Task: Return all the lines below, exactly as they read.

::: Available data

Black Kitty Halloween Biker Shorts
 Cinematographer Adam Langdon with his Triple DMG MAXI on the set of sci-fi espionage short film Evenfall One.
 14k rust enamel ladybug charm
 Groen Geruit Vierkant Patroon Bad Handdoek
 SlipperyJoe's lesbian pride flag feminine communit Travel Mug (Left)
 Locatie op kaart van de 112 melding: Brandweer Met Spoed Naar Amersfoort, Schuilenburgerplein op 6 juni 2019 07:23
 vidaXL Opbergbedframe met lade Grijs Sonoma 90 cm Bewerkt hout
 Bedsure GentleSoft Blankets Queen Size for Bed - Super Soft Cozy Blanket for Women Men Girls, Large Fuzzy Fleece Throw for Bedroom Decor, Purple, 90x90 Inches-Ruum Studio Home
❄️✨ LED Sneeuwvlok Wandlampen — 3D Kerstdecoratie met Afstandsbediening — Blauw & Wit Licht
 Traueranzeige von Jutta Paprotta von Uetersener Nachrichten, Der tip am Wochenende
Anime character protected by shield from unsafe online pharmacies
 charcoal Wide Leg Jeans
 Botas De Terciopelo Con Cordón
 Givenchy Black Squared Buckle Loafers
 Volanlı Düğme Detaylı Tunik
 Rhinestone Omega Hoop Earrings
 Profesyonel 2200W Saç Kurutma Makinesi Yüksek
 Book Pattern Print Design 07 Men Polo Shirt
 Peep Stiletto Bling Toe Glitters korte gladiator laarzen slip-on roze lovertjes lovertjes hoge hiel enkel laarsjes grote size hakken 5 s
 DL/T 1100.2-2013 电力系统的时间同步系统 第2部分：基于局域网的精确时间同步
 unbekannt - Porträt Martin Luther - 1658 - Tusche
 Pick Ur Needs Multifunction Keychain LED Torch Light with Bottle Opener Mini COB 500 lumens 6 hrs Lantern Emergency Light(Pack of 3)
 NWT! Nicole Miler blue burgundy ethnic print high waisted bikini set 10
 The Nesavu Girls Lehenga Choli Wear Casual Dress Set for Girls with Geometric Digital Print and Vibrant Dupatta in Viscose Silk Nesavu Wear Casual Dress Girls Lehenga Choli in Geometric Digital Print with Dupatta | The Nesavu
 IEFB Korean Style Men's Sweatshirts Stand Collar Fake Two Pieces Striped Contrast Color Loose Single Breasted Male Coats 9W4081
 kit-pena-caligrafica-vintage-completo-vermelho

::::::

Answer space:
Black Kitty Halloween Biker Shorts
 Cinematographer Adam Langdon with his Triple DMG MAXI on the set of sci-fi espionage short film Evenfall One.
 14k rust enamel ladybug charm
 Groen Geruit Vierkant Patroon Bad Handdoek
 SlipperyJoe's lesbian pride flag feminine communit Travel Mug (Left)
 Locatie op kaart van de 112 melding: Brandweer Met Spoed Naar Amersfoort, Schuilenburgerplein op 6 juni 2019 07:23
 vidaXL Opbergbedframe met lade Grijs Sonoma 90 cm Bewerkt hout
 Bedsure GentleSoft Blankets Queen Size for Bed - Super Soft Cozy Blanket for Women Men Girls, Large Fuzzy Fleece Throw for Bedroom Decor, Purple, 90x90 Inches-Ruum Studio Home
❄️✨ LED Sneeuwvlok Wandlampen — 3D Kerstdecoratie met Afstandsbediening — Blauw & Wit Licht
 Traueranzeige von Jutta Paprotta von Uetersener Nachrichten, Der tip am Wochenende
Anime character protected by shield from unsafe online pharmacies
 charcoal Wide Leg Jeans
 Botas De Terciopelo Con Cordón
 Givenchy Black Squared Buckle Loafers
 Volanlı Düğme Detaylı Tunik
 Rhinestone Omega Hoop Earrings
 Profesyonel 2200W Saç Kurutma Makinesi Yüksek
 Book Pattern Print Design 07 Men Polo Shirt
 Peep Stiletto Bling Toe Glitters korte gladiator laarzen slip-on roze lovertjes lovertjes hoge hiel enkel laarsjes grote size hakken 5 s
 DL/T 1100.2-2013 电力系统的时间同步系统 第2部分：基于局域网的精确时间同步
 unbekannt - Porträt Martin Luther - 1658 - Tusche
 Pick Ur Needs Multifunction Keychain LED Torch Light with Bottle Opener Mini COB 500 lumens 6 hrs Lantern Emergency Light(Pack of 3)
 NWT! Nicole Miler blue burgundy ethnic print high waisted bikini set 10
 The Nesavu Girls Lehenga Choli Wear Casual Dress Set for Girls with Geometric Digital Print and Vibrant Dupatta in Viscose Silk Nesavu Wear Casual Dress Girls Lehenga Choli in Geometric Digital Print with Dupatta | The Nesavu
 IEFB Korean Style Men's Sweatshirts Stand Collar Fake Two Pieces Striped Contrast Color Loose Single Breasted Male Coats 9W4081
 kit-pena-caligrafica-vintage-completo-vermelho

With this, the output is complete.